In her best-selling book, A Place of Yes: 10 Rules for Getting Everything You Want Out of Life, entrepreneur Bethenny Frankel credits her accomplishments as the reason she learned to be open to new challenges and to all possibilities. Instead of shutting out potential by defaulting to no, she says she comes from a place of yes.14 Positive people can come from a place of yes more often because they trust. They trust that whatever door closes, saying yes to opportunities, especially the super scary ones, keeps new doors opening. A positive cycle follows: Positivity allows you to find the yes, and finding the yes makes you feel more positive. You learn so much more about yourself when you come from a place of yes, and you come extremely close to your own flaws and limitations.
When you come from a place of yes, you give other people courage. Your staff, colleagues, network, your clients, customers, vendors, the postman—they all feel competent and capable, and that makes them want to be around you, and that is a terrific opportunity to influence and lead. Conversely, when you can’t find the yes, you just make other people miserable. Even if you can’t solve a problem, don’t make it such a negative event. It’s all in the presentation. I recently checked into a hotel at which I am a rewards member. To say I was greeted by the reservation clerk is a far stretch. Let’s just say she looked pissed off at my existence and her own.

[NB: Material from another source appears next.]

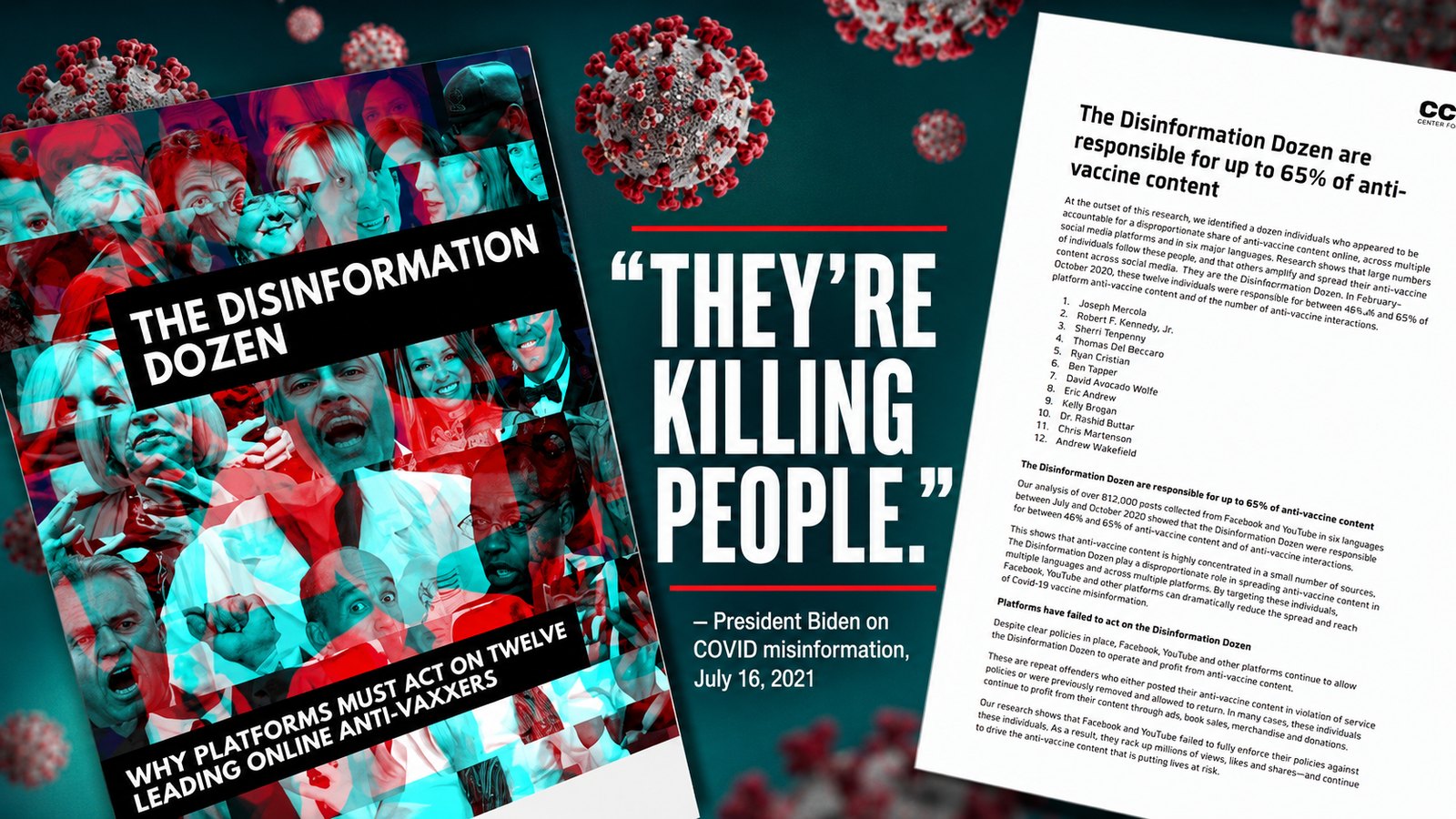 Left: cover of the Center for Countering Digital Hate's 'The Disinformation Dozen: Why Platforms Must Act on Twelve Leading Online Anti-Vaxxers' report. Center: President Biden's July 16, 2021 quote, 'They're killing people,' referring to COVID misinformation. Right: page one of the CCDH report listing the twelve named individuals — Joseph Mercola, Robert F. Kennedy Jr., Sherri Tenpenny, Thomas Del Beccaro, Ryan Cristian, Ben Tapper, David Avocado Wolfe, Eric Andrew, Kelly Brogan, Dr. Rashid Buttar, Chris Martenson, and Andrew Wakefield.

I asked for an upgrade and she flat-out told me no. I can’t help but associate this person’s attitude with the attitude of the corporation that em- ploys her. All I remember is being denied a request and that I wasn’t helped or assisted at all. When you travel for a living, I can’t afford to be infected by negativity in the very place I am going to rest and have respite. And when your job is to make me comfortable, making me uncomfortable with your no is unforgivable.
Now, if she would’ve smiled, explained to me that I had unluckily checked in the same week as a large wedding party, made a joke and shared a laugh with me, or even gave me a breakfast voucher, I would’ve been happy to hear no. My ad- vice in business and something that I practice a lot is to find the yes, even when you are saying no. I never like to react if someone says something a little harsh to me or makes a request I think I cannot accommodate. What I have learned is you do not have to answer everyone in the moment. You can always say, “Let me get back to you on that.” It keeps things positive and holds off any reactivity that can deter your relationship.